In 2020, Coursera had sales of $ 293.5 million. This represents an increase of around 59% over the previous year when the company had sales of $ 184.4 million. During the same period, Coursera posted a net loss of nearly $ 67 million, up 46% from its net deficit of $ 46.7 million last year.
In particular, the company had roughly the same non-cash, stock-based compensation expenses in both years. Even if we allow the company to measure its profitability based on Adjusted EBITDA, Coursera’s losses rose from $ 26.9 million to $ 39.8 million from 2019 to 2020.

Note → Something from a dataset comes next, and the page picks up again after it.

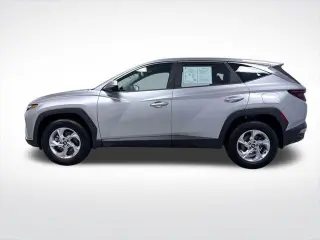 Hyundai TUCSON 2022 AWD SE 4p SUV (versión de mitad de año)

To understand the difference between Net Losses and Adjusted Losses, it pays to unpack the acronym EBITDA. EBITDA stands for “Earnings Before Interest, Taxes, Depreciation, and Amortization” and it eliminates some non-operating costs to give investors a better picture of the continued health of a company without getting tangled up in accounting nuances. Adjusted EBITDA goes one step further and also eliminates the non-cash cost of share-based compensation. In an even more cheeky step, it also deducts the “wage tax expense in connection with share-based activities”.
Even if we rate Coursera’s profitability on a very polite curve, it results in significant losses for our purposes. In fact, the company’s Adjusted EBITDA as a percentage of sales – a method of measuring profitability versus sales – barely improved from -15% in 2019 to -14% in 2020.